(Exercise goal)
Please set down only the lines from the one containing "73 Ripple Rd, Saint" through the end of the entries below, exactly, minus any pictures.

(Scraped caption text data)

· · · · ·

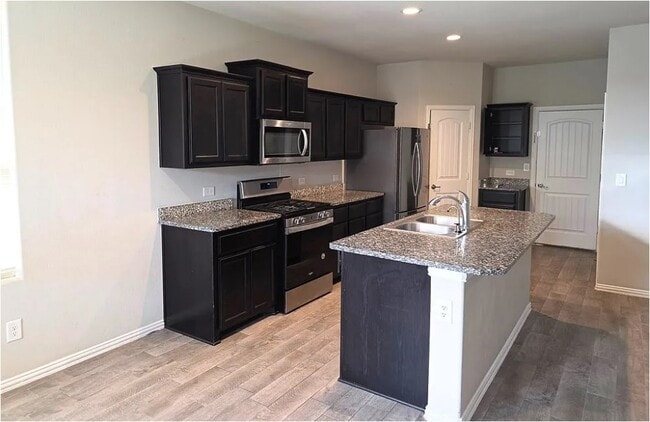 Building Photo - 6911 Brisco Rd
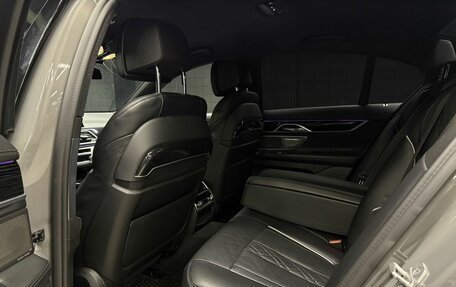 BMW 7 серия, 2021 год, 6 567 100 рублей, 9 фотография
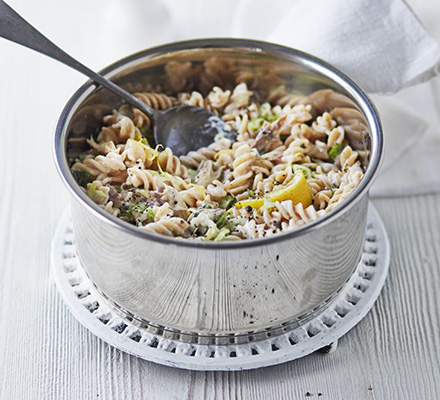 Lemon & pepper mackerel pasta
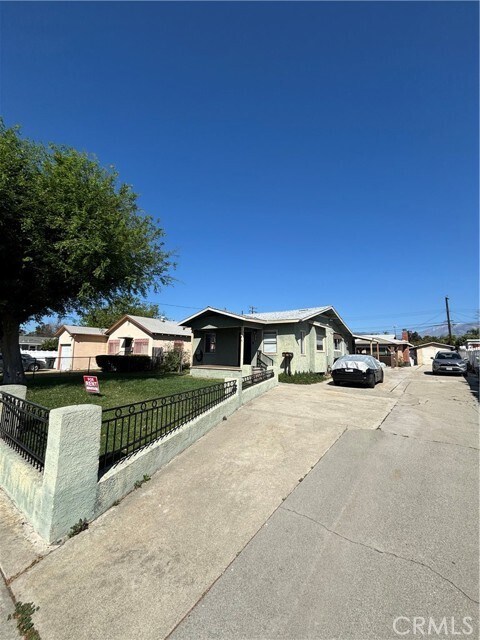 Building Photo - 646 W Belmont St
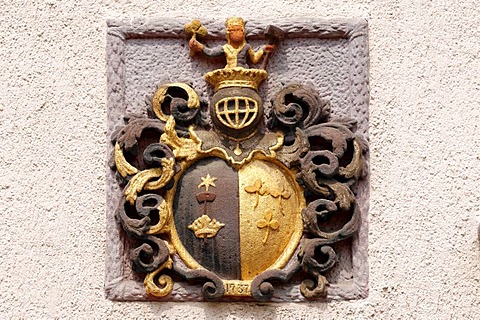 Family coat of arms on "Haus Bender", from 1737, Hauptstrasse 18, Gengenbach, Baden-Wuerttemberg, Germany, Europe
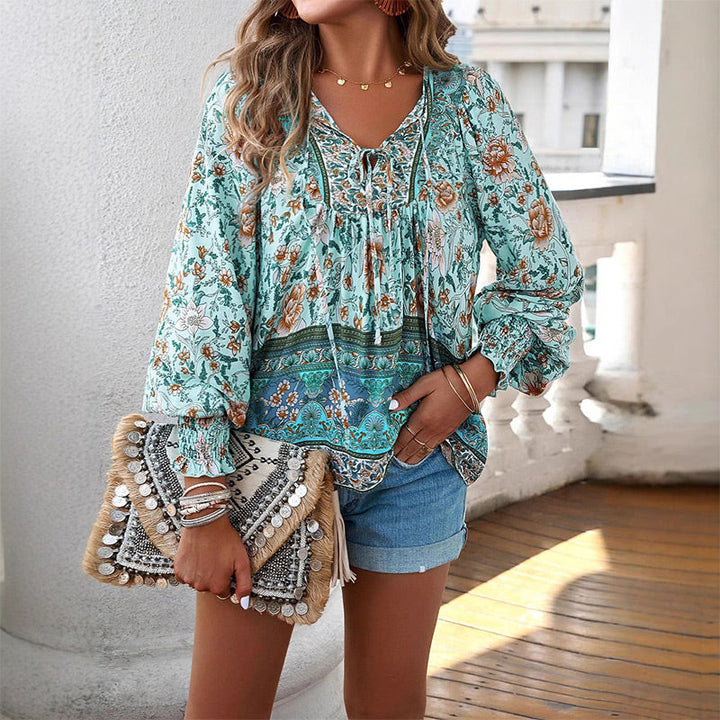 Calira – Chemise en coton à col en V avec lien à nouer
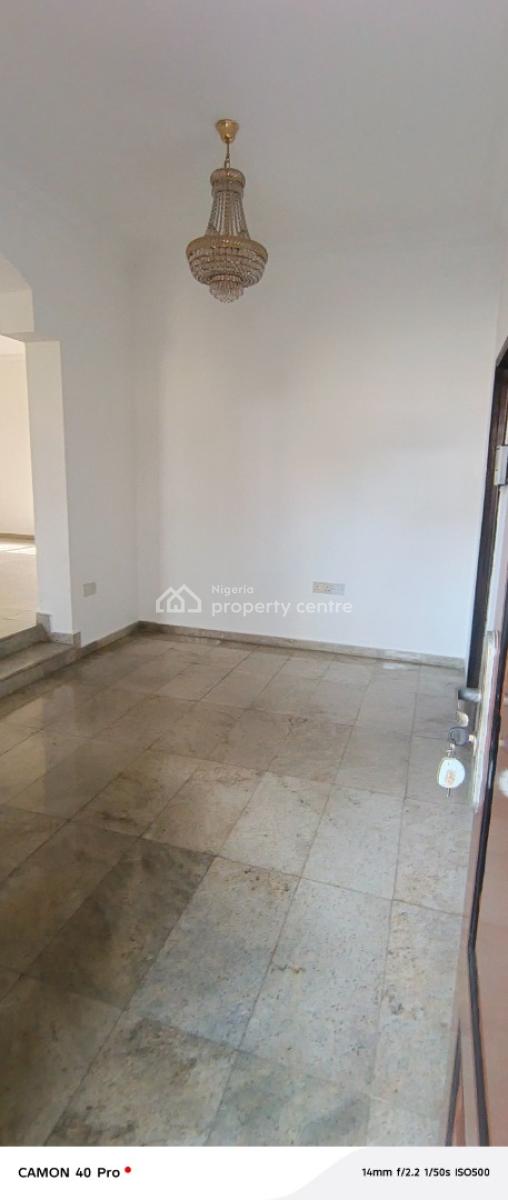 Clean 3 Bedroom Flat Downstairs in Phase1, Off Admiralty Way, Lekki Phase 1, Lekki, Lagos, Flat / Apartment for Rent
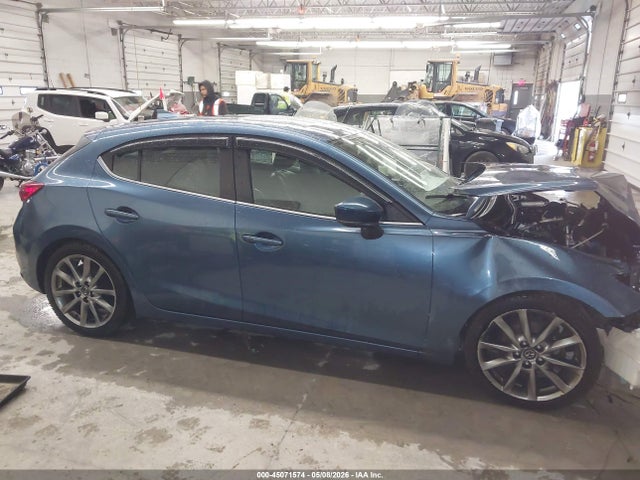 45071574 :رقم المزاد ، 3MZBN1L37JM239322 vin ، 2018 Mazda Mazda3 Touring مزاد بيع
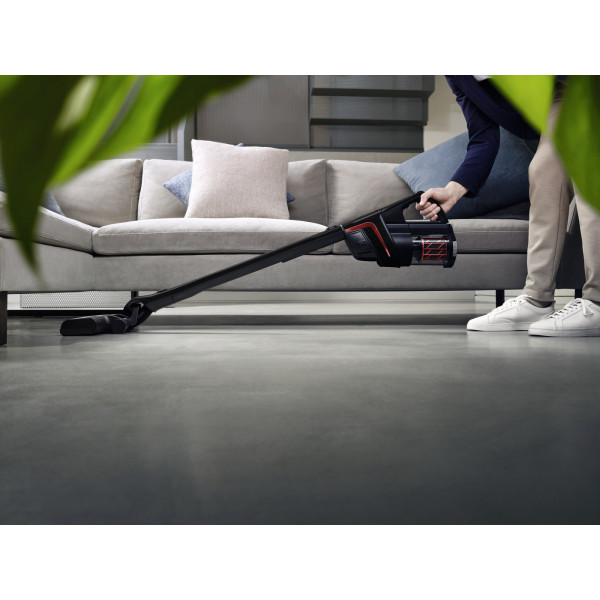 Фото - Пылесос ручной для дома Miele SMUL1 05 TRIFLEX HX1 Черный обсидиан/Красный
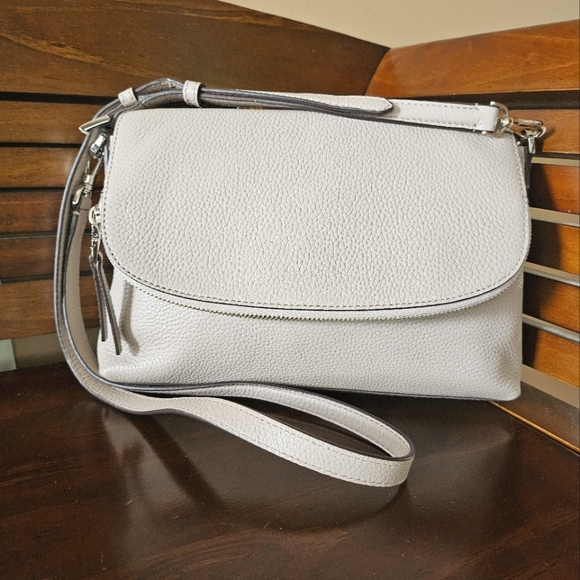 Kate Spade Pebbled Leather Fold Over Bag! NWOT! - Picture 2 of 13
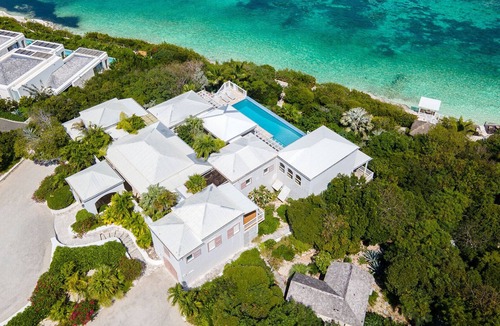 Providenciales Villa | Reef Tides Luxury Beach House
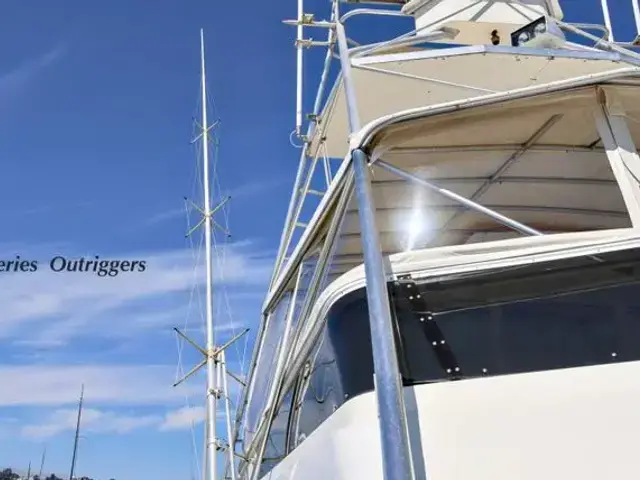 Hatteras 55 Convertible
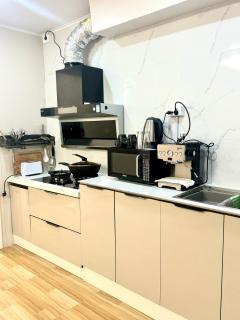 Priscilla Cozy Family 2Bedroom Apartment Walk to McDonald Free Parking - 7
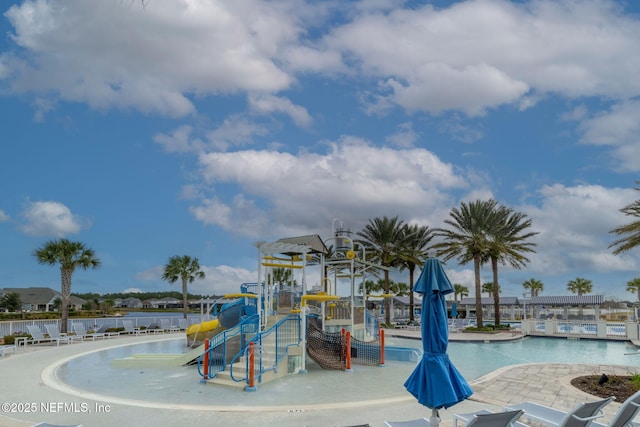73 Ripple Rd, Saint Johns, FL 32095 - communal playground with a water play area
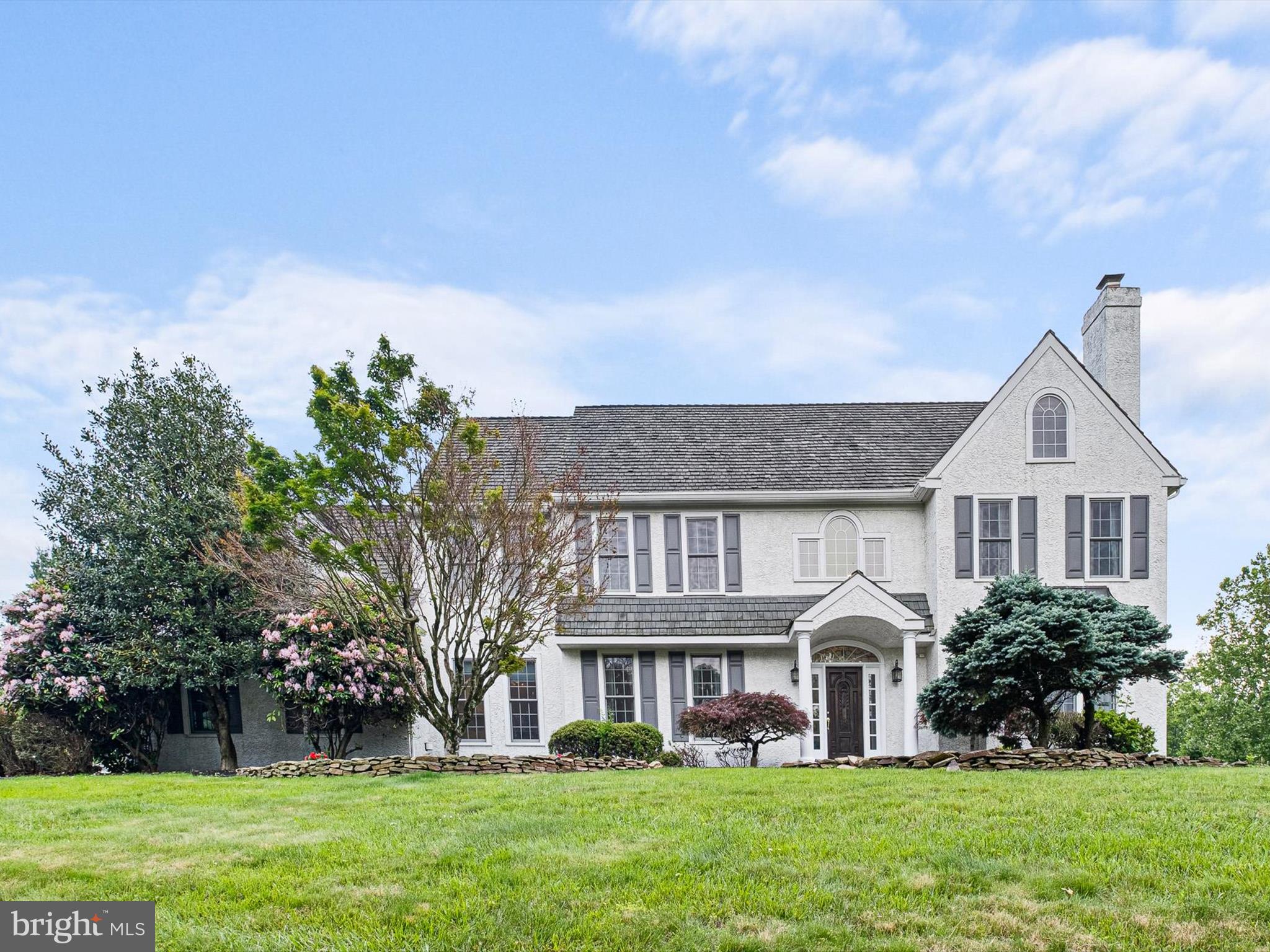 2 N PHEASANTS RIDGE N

· · · · ·

(Written response)
73 Ripple Rd, Saint Johns, FL 32095 - communal playground with a water play area
 2 N PHEASANTS RIDGE N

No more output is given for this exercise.